In [1]:
from scipy.stats import nbinom

Kidney cancer is a rare disease, so on average 46.5 cases of death by kidney cancer are registered per year per 1'000,000 people. Thus, if $\theta$ is the dead rate per year for kidnew cancer, then $$\mathbb{E}(\theta)=4.65\times 10^{-5}.$$

Let $Y_j$ be the number of deads for kidney cancer in 10 years in a county with $n_j$ habitants, we can model this by $$Y_j|\theta\sim\textsf{Poisson}(10n_j\theta_j)$$ and use the prior $\theta_j\sim\textsf{Gamma}(20,430000)$ for every county, note that $\mathbb{E}(\theta_j)\approx 4.65\times 10^{-5}$.

Since the gamma distribution is conuugate for a Poisson likelihood, we have that $$\theta_j|Y_j\sim\textsf{Gamma}(20+Y_j, 430000+10n_j),$$ then $${E}(\theta_j|Y_j)=\frac{20+Y_j}{430000+10n_j}.$$

Furthermore, according to the historical information the number of registered deads in 10 years would be $$Y_j\sim\textsf{NegativeBinomial}\left(\alpha,\frac{\beta}{10n_j}\right)$$. Therefore, the expected number of deads in 10 years would be $$\mathbb{E}(Y_j)=10n_j\frac{\alpha}{\beta}$$

In [2]:
ALPHA = 20
BETA  = 430000

def posterior_mean(n, y):
    return (ALPHA+y) / (BETA+10*n)

def prior_predictive_mean(n):
    beta_pred = BETA/(10*n)
    return ALPHA / beta_pred

Consider a small town of 1000 people.

In [3]:
N=10**3

# posterior mean with y=0
print(posterior_mean(N, 0))
print(posterior_mean(N, 1))

# expected number of deads due to kidney cancer during the next 10 years
print(prior_predictive_mean(N))

4.545454545454545e-05
4.772727272727273e-05
0.46511627906976744


Note that with zero deads the observed ratio is zero, while with just one dead the ratio is $10^4$, almost double the national mean!

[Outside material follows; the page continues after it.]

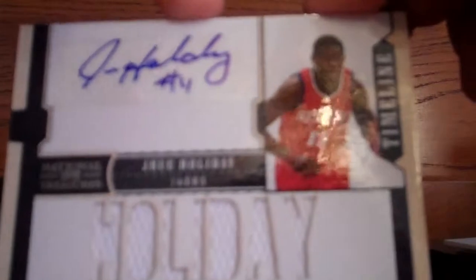Next is this Drew Holiday jersey auto numbered 18 out of 30. Next is this Wesley Matthews auto numbered 86 out of 99.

Furthermore, with such a small population size, the inference is dominated by the prior distribution.

In [4]:
# probability of 0, 1, 2 and 3 deads during the next 10 years

beta_pred = BETA/(10*N)

p0 = nbinom.pmf(0, n=ALPHA, p=beta_pred/(beta_pred+1))
p1 = nbinom.pmf(1, n=ALPHA, p=beta_pred/(beta_pred+1))
p2 = nbinom.pmf(2, n=ALPHA, p=beta_pred/(beta_pred+1))
p3 = nbinom.pmf(3, n=ALPHA, p=beta_pred/(beta_pred+1))

In [5]:
round(p0,3), round(p1,3), round(p2,3), round(p3,3)

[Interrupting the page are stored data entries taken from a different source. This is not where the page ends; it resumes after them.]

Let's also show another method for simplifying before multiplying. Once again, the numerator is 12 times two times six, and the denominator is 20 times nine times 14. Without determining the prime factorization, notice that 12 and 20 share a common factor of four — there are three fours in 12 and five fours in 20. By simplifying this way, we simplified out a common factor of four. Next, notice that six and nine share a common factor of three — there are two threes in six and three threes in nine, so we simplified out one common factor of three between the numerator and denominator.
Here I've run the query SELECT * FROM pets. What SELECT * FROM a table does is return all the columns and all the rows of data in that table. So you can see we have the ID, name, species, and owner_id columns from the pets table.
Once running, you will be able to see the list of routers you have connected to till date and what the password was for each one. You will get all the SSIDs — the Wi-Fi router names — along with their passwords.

(0.631, 0.287, 0.068, 0.011)

Consider now a city of 1'000,000 people

In [6]:
N=10**6

# posterior mean with y=393, 545
print(posterior_mean(N, 393))
print(posterior_mean(N, 545))

# expected number of deads due to kidney cancer during the next 10 years
print(prior_predictive_mean(N))

3.959731543624161e-05
5.417066155321189e-05
465.1162790697675


In this large city, the data dominate the prior distribution.

### Constructing the prior distribution

To construct the prior distribution we can use historical information about the number of deads in the counties. Since $$Y_j\sim\textsf{NegativeBinomial}\left(\alpha,\frac{\beta}{10n_j}\right),$$ then $$\mathbb{E}\left(\frac{Y_j}{10n_j}\right)=\frac{\alpha}{\beta}$$ and $$\mathbb{V}\left(\frac{Y_j}{10n_j}\right)=\frac{1}{10n_j}\frac{\alpha}{\beta}+\frac{\alpha}{\beta^2}.$$

We set $\frac{\alpha}{\beta}$ to the mean of $\frac{Y_j}{10n_j}$, and set $\mathbb{E}\left(\frac{1}{10n_j}\right)\frac{\alpha}{\beta}+\frac{\alpha}{\beta^2}$ to the variance of $\frac{Y_j}{10n_j}$, using the sample average of the values $\frac{1}{10n_j}$ in place of $\mathbb{E}\left(\frac{1}{10n_j}\right)$.